Banking shares shrugged off a $7 billion rogue trader scandal at French bank Societe Generale (SOGN.PA) and energy stocks also jumped as oil prices recovered on ebbing recession fears.

Japanese government bond futures slid a half-point, taking a hit from a third straight day of gains in the Nikkei (.N225) while gold climbed to near an all-time high and platinum hit another record.

Global stock markets tumbled earlier this week as fears mounted that the world's top economy was heading towards recession, before recovering on hopes U.S. policy makers were acting to blunt the worst effects of a slowdown.

"The economic stimulus plan, combined with steep U.S. rates cut and expectations for further cuts this month, is helping put out an imminent fire," said Park Seung-hun , an analyst at Woori Investment & Securities said in Seoul.

President George W. Bush and congressional leaders agreed on Thursday on a $150 billion package of tax rebates and business incentives meant to ward off a recession in the world's largest economy.

Although the idea did little to revive Wall Street on Friday when it was touted last week, the fact that an swift agreement was met gave investors confidence, as did weekly U.S. jobless claims, which fell to a four-month low.

Stocks in Tokyo, Sydney and Seoul added 1.5 to 3.5 percent to claw back all or much of this week's losses. MSCI's index of Asia Pacific stocks excluding Japan rose 3.3 percent by 0256 GMT, paring year-to-date losses to around 10 percent.
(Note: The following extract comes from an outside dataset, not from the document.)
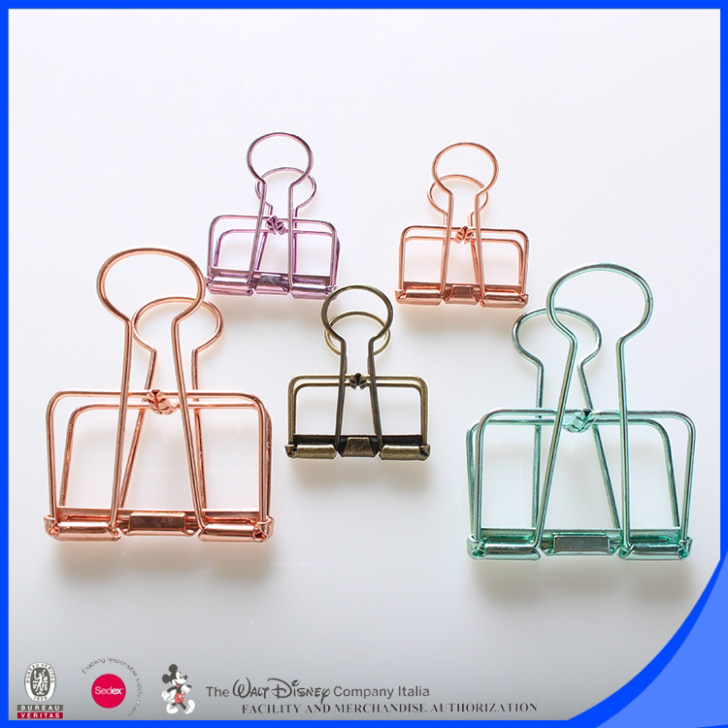 镂空夹子，夹资料不遮挡文字彩色异形长尾夹线...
Banks, such as Japan's Mitsubishi UFJ Financial Group (8306.T) and Australia's Macquarie Group (MQG.AX) shrugged off news that a trader at Societe Generale was accused of racking up a $7 billion loss in bad bets on stocks in the biggest trading scandal in banking history.

France's prime minister reassured investors that SocGen's woes were isolated from the malaise sweeping global financial market after a meltdown in U.S. sub-prime credit markets.
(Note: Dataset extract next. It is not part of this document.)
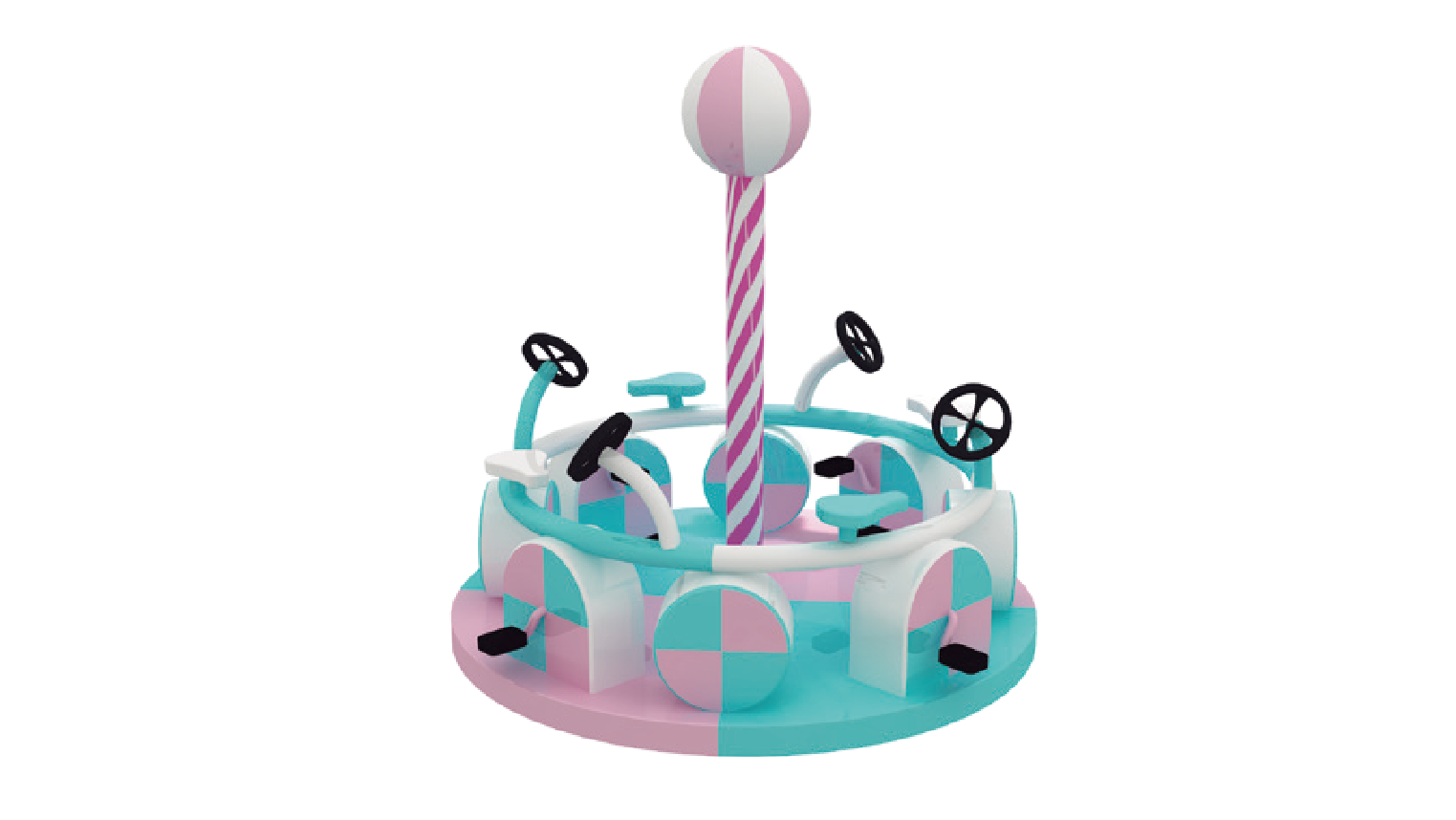 Commercial Customized Cartoon Rotating Soft Play Rides - Image 11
Shares in SocGen fell a modest 4 percent as the bank moved to shore itself up with a fully underwritten rights issue.

The financial sector also drew support from news that troubled U.S. bond insurer Ambac may be in talks with a buyer.
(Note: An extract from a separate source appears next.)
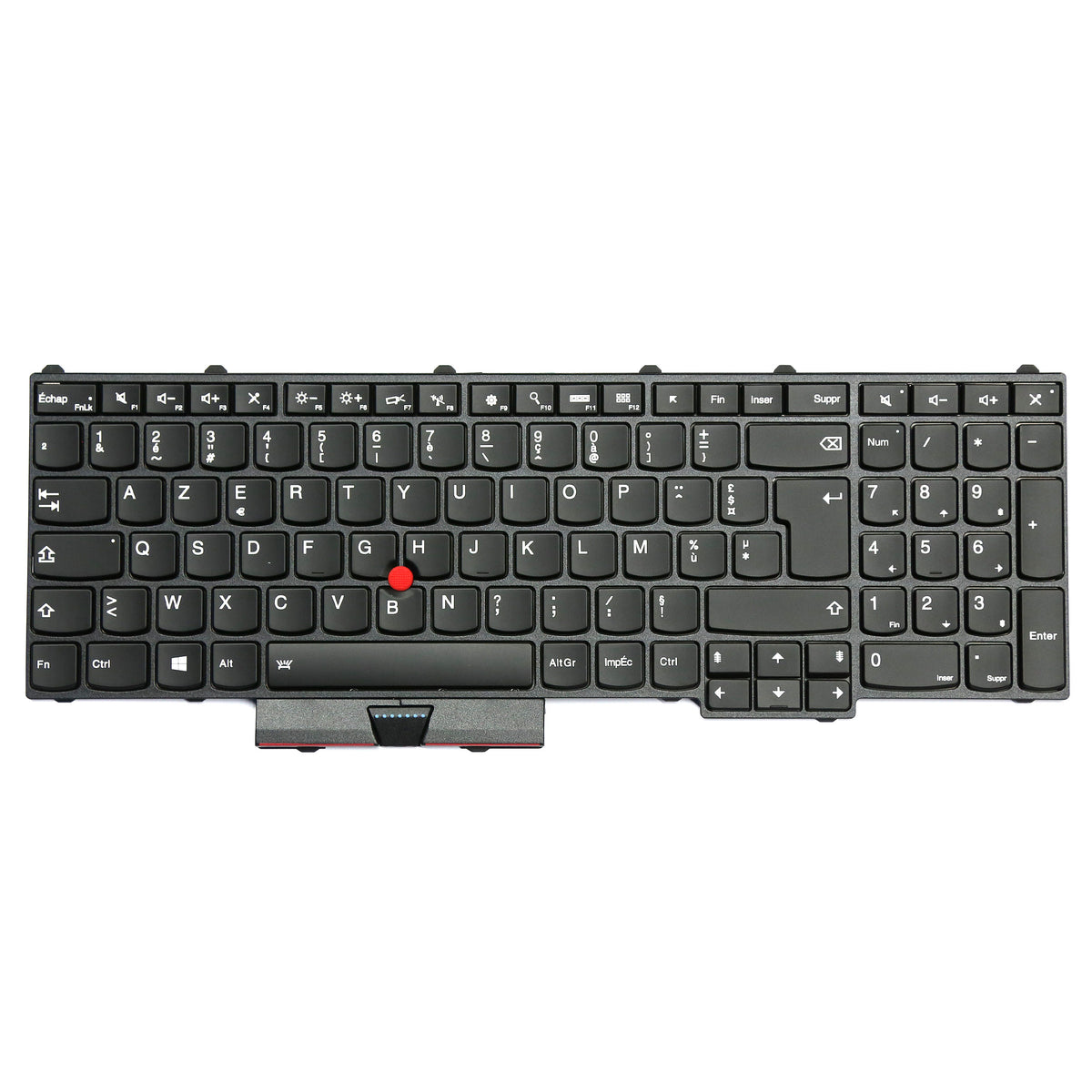 CLAVIER FRANÇAIS AZERTY POUR PC PORTABLE LENOVO THINKPAD P71 / P51 / P70 / P50 - SN20M15446-2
On Wall Street, the Dow Jones industrial average (.DJI) rose just under 1 percent on Thursday. U.S. stock index futures pointed to further gains later.

Tokyo's Nikkei (.N225) was up 2.8 percent at the midsession , a weaker yen boosting exporters like Nissan Motor Corp (7201.T).

In Hong Kong, gains in global bank HSBC (0005.HK) (HSBA.L) helped the Hang Seng notch up a 5 percent gain, while Australian shares (.AXJO) climbed 3.6 percent to complete a clawback of all of this week's losses.

"The panic's gone out of the market," said Angus Gluskie , portfolio manager with White Funds Management.

Expectations of a further interest rate cut by the U.S. Federal Reserve next week has helped to stabilize market sentiment and put focus on fundamental company valuations following the market rout earlier this week, he said.

"On most people's fundamentals, a lot of stocks in the market appear to be undervalued," said Gluskie .

Japanese government bonds tumbled for a third straight day, taking a hit from the solid gains in stocks that cooled some of the expectations for a Bank of Japan interest rate cut this year.

March 10-year futures fell 0.66 point to 137.60 and were well below a 28-month high of 139.15 reached on Tuesday in evening trade.

The benchmark 10-year bond yield jumped 6 basis points to 1.445 percent.

The euro tiptoed higher, supported after tough inflation talk from a European Central Bank official dashed speculation of a possible euro-zone interest rate cut, even as the Federal Reserve is expected to slash rates further. The euro traded at $1.4766 against the dollar.

The dollar meanwhile hovered around 107.22 yen, holding gains made on Thursday after recovering from tumble to a 2-1/2-year low around 104.95 yen earlier in the week.

U.S. crude rose 49 cents to $89.90 a barrel after jumping nearly 3 percent in the previous session to $89.41 a barrel.

Spot gold changed hands at $908.50 an ounce, near a historic high, on dollar weakness, supply concerns, firm oil and expectations of more U.S. interest rate cuts. Platinum hit another record high of $1,618.50.